Le rivage n’est jamais venu.
Le niveau de l’eau était tombé si bas que, plutôt que le vaste lac à laquelle je m’attendais après des années de visite, il ne restait plus qu’un paysage de boue avec un peu plus qu’un étang d’eau peu profonde. C’était loin de ce dont je me souvenais de ma première visite à Kachess à l’adolescence.
Un hiver sans saison chaud avait entraîné moins de chutes de neige dans les cascades – en mettant des niveaux inférieurs à la moyenne de manteau neigeux et beaucoup moins d’eau de fonte pour remplir le bassin du lac, une tendance qui devrait se poursuivre à mesure que le changement climatique s’aggrave.
Kachess n’est qu’un des nombreux lacs alpins et des environnements naturels du monde entier souffrant de la crise climatique, mais c’est l’un des exemples les plus clairs que j’ai vus sur la rapidité avec laquelle certaines parties du monde s’éloignent.
Quand un endroit que nous aimons disparaît sous nos yeux, notre premier instinct est de saisir aussi fort que possible pour essayer de le sauver ou d’arracher une sorte de relique pour montrer que oui, nous avons été là, et oui, c’était réel, mais non, ce n’est plus ici.
C’est l’essence du tourisme de dernière chance: voir avant qu’il ne soit parti. C’est également le moteur de l’une des tendances les plus compliquées de voyage.
Inventée par le professeur canadien Jackie Dawson, le tourisme de dernière chance se produit lorsque les voyageurs visitent spécifiquement des destinations ou des expériences à risque de la crise climatique.
Nous ne cherchons plus à être le premier à visiter un nouvel endroit – nous essayons d’être le dernier.
Une épée à double tranchant
«L’impulsion pour les gens de« le voir avant son absence », qu’ils le reconnaissent ou non, est une reconnaissance implicite de la vulnérabilité et de la fragilité de l’environnement», a déclaré M Jackson, glaciologue et explorateur de la National Geographic Society.
Elle a expliqué que même si cela peut conduire à une réflexion sur notre relation avec l’environnement, cela «met l’environnement sous un objectif consommable» comme s’il était contenu d’être consommé.

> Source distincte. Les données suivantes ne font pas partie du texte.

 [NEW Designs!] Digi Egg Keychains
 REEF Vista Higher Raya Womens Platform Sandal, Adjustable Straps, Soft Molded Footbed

« Vous ouvrez la porte à l’endroit où s’engager avec l’environnement commence à ressembler: » Hé, j’étais là, je l’ai vu « , et cela a une sorte de ramification », a déclaré Jackson.
À son meilleur, le tourisme de dernière chance peut inspirer le plaidoyer environnemental, canaliser de l’argent vers les efforts de conservation et éduquer les voyageurs sur les impacts du changement climatique. Au pire, cependant, il risque de transformer la dévastation environnementale en un élément de liste de seau à cocher.
«Je m’inquiète du tourisme de dernière chance lorsque les gens le font au sens performatif – où, via les médias sociaux, ils veulent que les gens voient qu’ils aient fait quelque chose que d’autres ne pourront pas faire à l’avenir – et quand il semble que ce soit quelque peu voyeuriste», a ajouté Regina Scheyvens, professeur d’études de développement à la Massey University de la Nouvelle-Zélande, dont les recherches se concentrent sur le tourisme durable.
Elle a expliqué que le tourisme durable ne se fait pas plus que l’environnement: il inclut de s’assurer que l’économie bénéficie des visiteurs et que la communauté veut que le tourisme se produise.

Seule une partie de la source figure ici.